DATA PROVIDED:

-*-

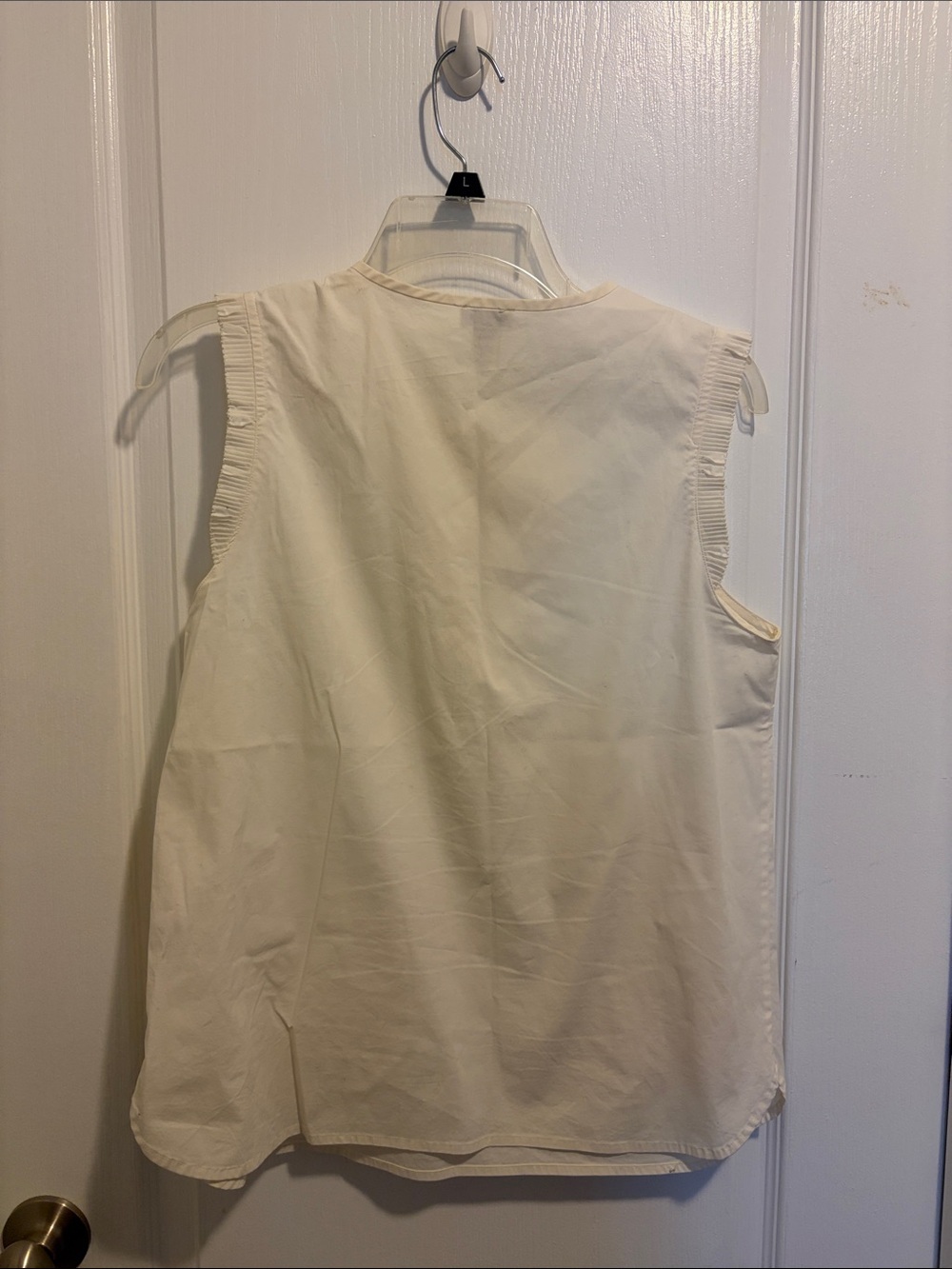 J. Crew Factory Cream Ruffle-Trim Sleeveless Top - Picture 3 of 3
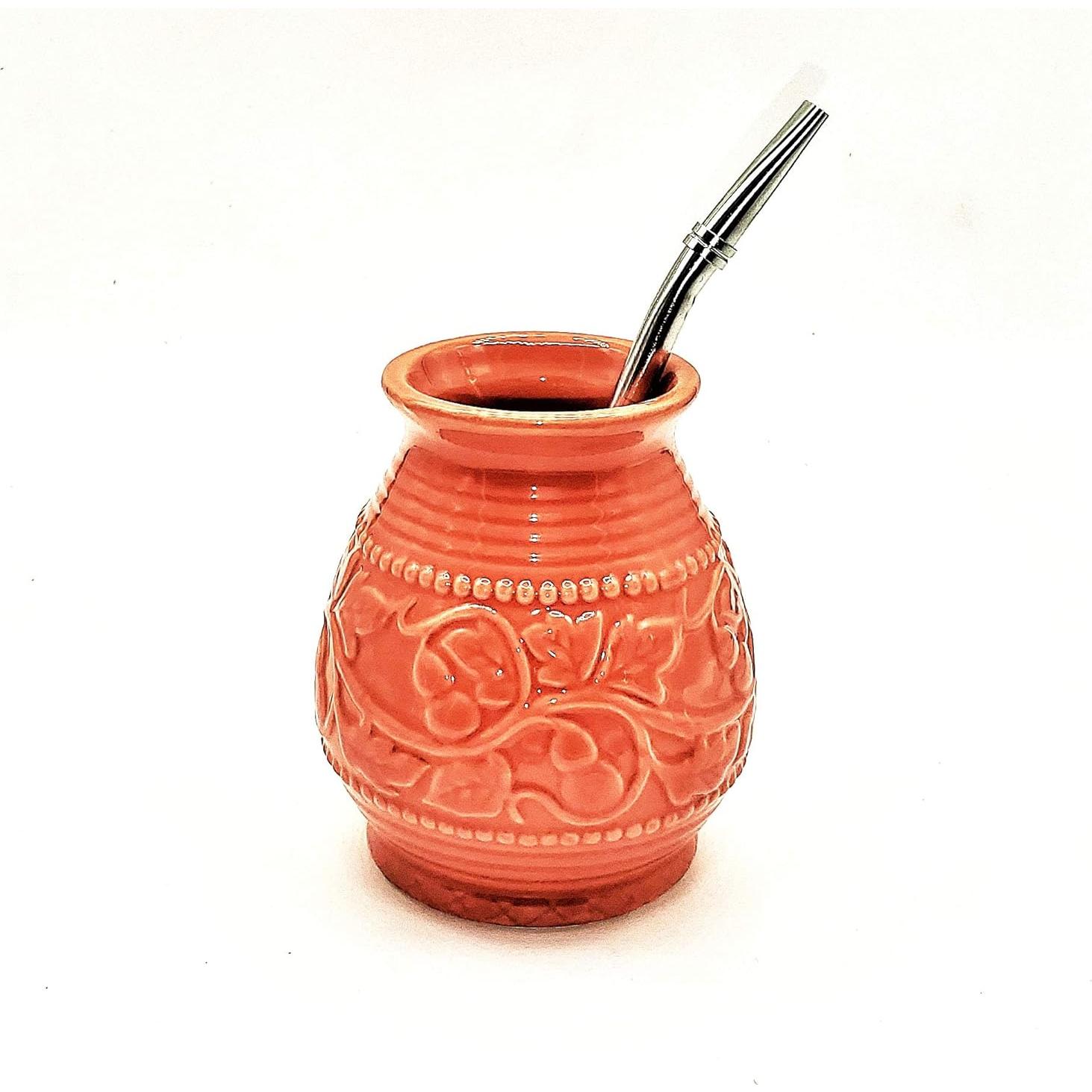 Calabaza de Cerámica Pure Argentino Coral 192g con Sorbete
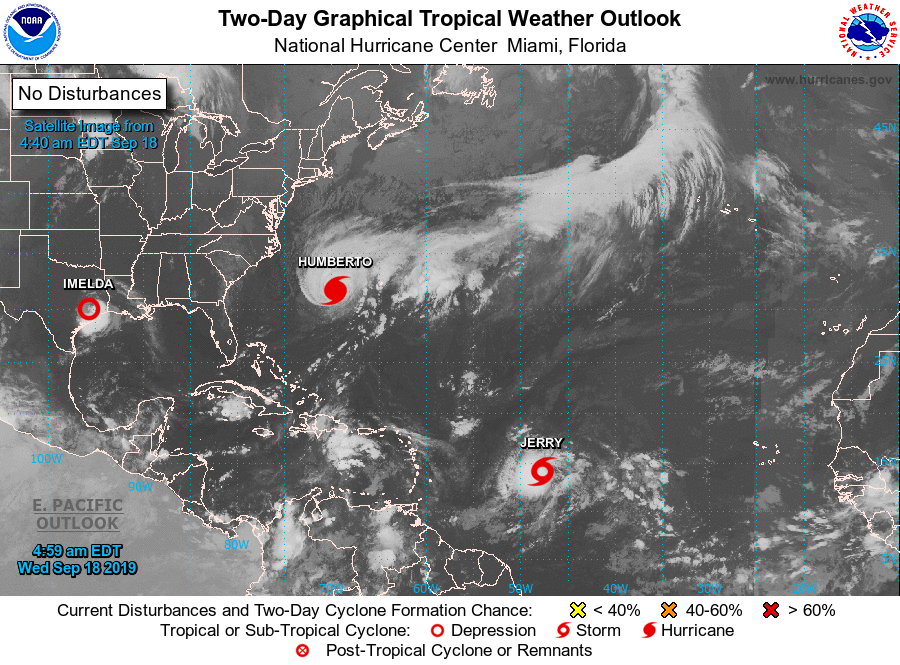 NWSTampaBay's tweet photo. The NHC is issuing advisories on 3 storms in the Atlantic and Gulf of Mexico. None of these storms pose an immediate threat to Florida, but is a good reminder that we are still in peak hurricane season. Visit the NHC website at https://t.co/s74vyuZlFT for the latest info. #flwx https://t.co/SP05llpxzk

-*-

Return to the listing above and set it down exactly, leaving out its pictures.

TASK RESPONSE:
 J. Crew Factory Cream Ruffle-Trim Sleeveless Top - Picture 3 of 3
 Calabaza de Cerámica Pure Argentino Coral 192g con Sorbete
 NWSTampaBay's tweet photo. The NHC is issuing advisories on 3 storms in the Atlantic and Gulf of Mexico. None of these storms pose an immediate threat to Florida, but is a good reminder that we are still in peak hurricane season. Visit the NHC website at https://t.co/s74vyuZlFT for the latest info. #flwx https://t.co/SP05llpxzk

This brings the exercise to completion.